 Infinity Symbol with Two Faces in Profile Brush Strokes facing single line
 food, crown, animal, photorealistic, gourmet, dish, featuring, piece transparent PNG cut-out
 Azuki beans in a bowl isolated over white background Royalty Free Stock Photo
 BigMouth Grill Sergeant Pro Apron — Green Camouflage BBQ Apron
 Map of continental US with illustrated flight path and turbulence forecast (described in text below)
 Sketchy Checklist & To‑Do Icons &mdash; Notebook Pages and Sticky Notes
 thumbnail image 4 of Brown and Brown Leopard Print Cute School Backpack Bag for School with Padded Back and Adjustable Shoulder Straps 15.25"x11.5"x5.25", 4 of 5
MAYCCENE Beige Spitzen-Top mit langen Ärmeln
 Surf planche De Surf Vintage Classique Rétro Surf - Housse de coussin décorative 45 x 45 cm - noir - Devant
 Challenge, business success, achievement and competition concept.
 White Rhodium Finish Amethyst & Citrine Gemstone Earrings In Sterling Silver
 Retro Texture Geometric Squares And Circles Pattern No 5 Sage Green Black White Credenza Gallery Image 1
* * *
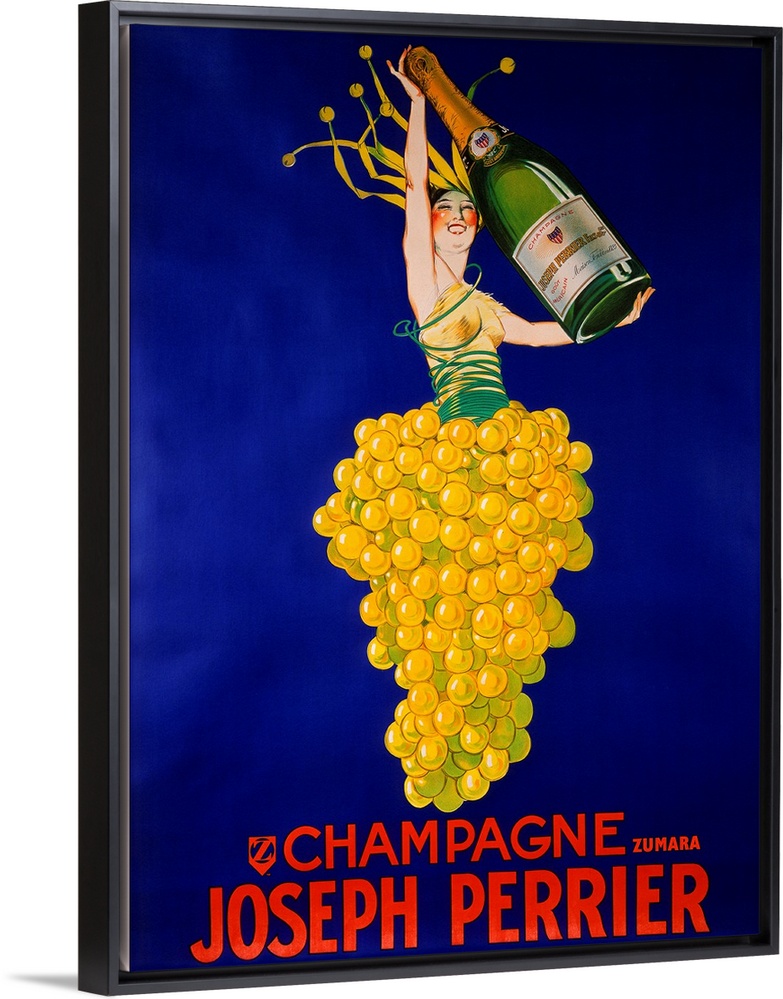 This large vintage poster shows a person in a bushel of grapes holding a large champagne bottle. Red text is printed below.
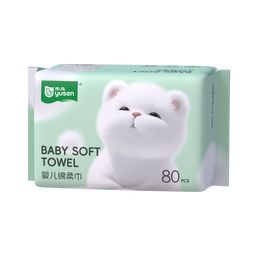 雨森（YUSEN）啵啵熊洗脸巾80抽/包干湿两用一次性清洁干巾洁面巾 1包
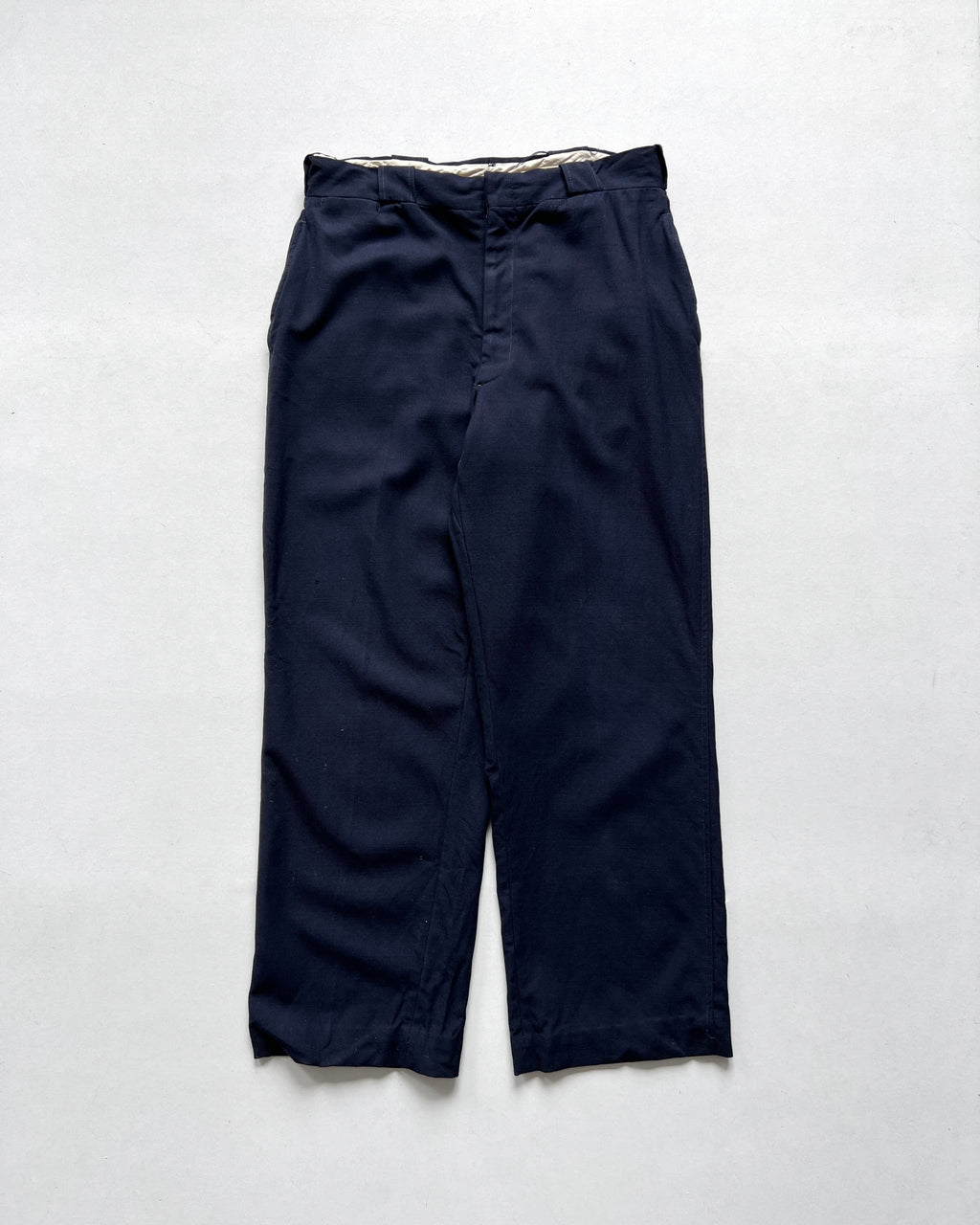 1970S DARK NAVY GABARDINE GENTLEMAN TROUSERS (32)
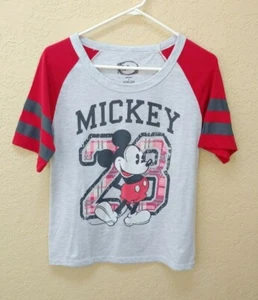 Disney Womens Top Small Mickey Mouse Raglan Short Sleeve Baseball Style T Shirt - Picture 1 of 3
* * *
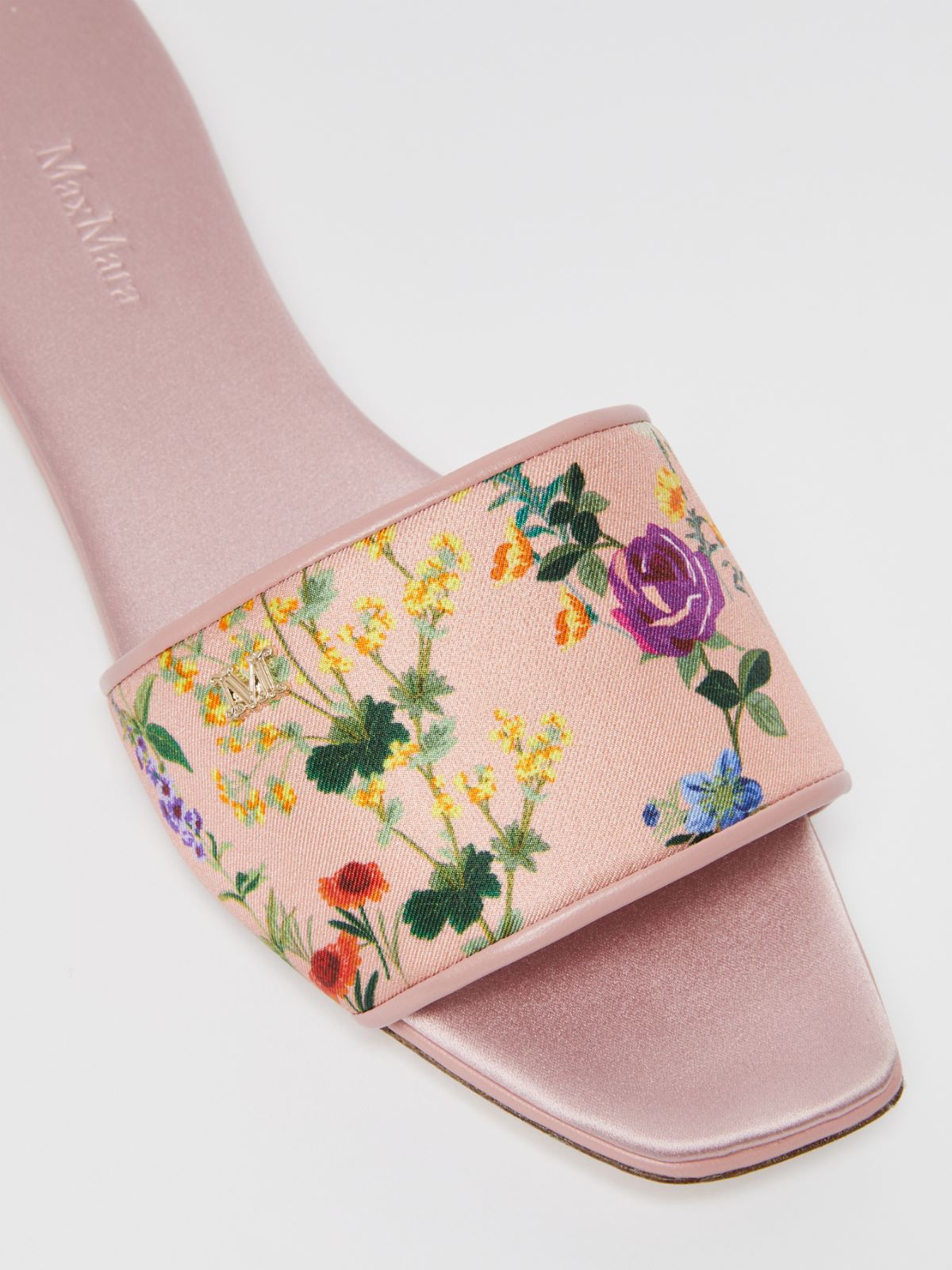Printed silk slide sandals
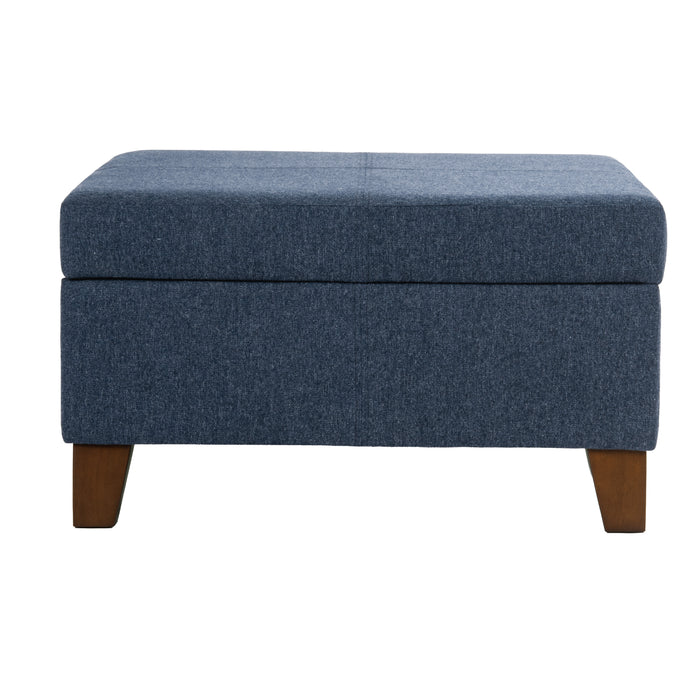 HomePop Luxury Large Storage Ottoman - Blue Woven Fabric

=== THE PROBLEM ===
Print exactly the lines above, between the one holding "Infinity Symbol with" and the one holding "Sketchy Checklist &", inclusive, and nothing besides.

=== EXPECTED ANSWER ===
 Infinity Symbol with Two Faces in Profile Brush Strokes facing single line
 food, crown, animal, photorealistic, gourmet, dish, featuring, piece transparent PNG cut-out
 Azuki beans in a bowl isolated over white background Royalty Free Stock Photo
 BigMouth Grill Sergeant Pro Apron — Green Camouflage BBQ Apron
 Map of continental US with illustrated flight path and turbulence forecast (described in text below)
 Sketchy Checklist & To‑Do Icons &mdash; Notebook Pages and Sticky Notes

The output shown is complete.